7.15.2009

i am present.

(picture taken 1 minute before posting with 0 tries to make it look cuter)

I'm calling this my summer of sobering.
Last summer was an explosive celebration fueled by the momentum of my redemption from a tyrannical marriage. I couldn't get enough. It was glorious. It was like reaching a garden hose gushing icy water after hiking in the desert for days.
But I think the time for that sort of catharsis has passed.

In the fall I cruised forward with the same momentum. I plowed through classes and jobs and relationships without taking much time to breathe other than to thank God and my family that my life was astoundingly blessed.

This summer is joyously fun, but the fun things about it are also the sobering things. I've taken time to sit and mend some neglected relationships that I previously cruised past at warp speed. I've taken time to attempt to mend myself as I've recognized more deeply that nobody enters and exits situations like that of my former marriage unscathed.

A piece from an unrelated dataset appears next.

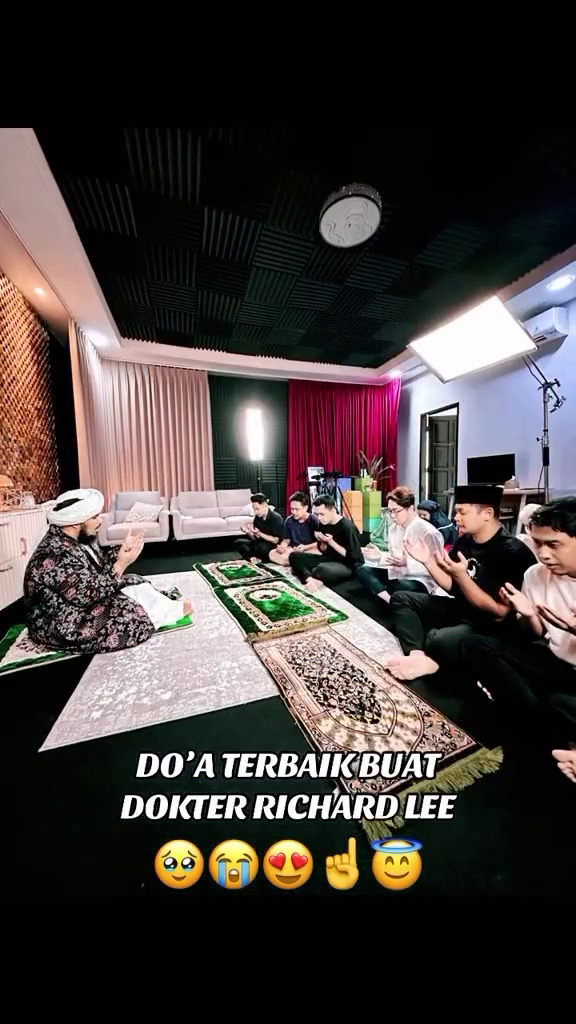Resmi mualaf, 9 momen dr. Richard Lee tanda tangan sertifikat dan solat bareng ustaz Derry Sulaiman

And I'm not done. I feel daunted by the necessary progress that awaits.

My divorce used to feel like the launchpad of the beginning of the rest of my life. And although it need not be minimized, it is no longer the central trajectory point it once was. My view has shifted to focus on living this sweet summer in the present. In this moment, I am loving it.

5 comments:

Unknown said...

my one year divo anniversary is this month. and i have been feeling exactly the same way! yay for life and life starting now!

Miriam said...

I know what you mean with this one. At age 32, I still have a long way to go to grow up as the person I would like to be. I think we'll both make it to where we are trying to go though.

Robin said...

I've missed reading your blog. We have converted to a different computer and it took me awhile to figure out bookmarks and such. But I am back - a faithful fan and reader of it all.

laura said...

thanks robin!

savoury toothed tiger said...

although i hide shmoolie's book inside the cover of another to hide pictures of roses and words such as "can't fall in love", "12 steps", and "Kosher sex" as i read it on subway cars - i really would recommend the rabbi's wisdom to anyone married or single.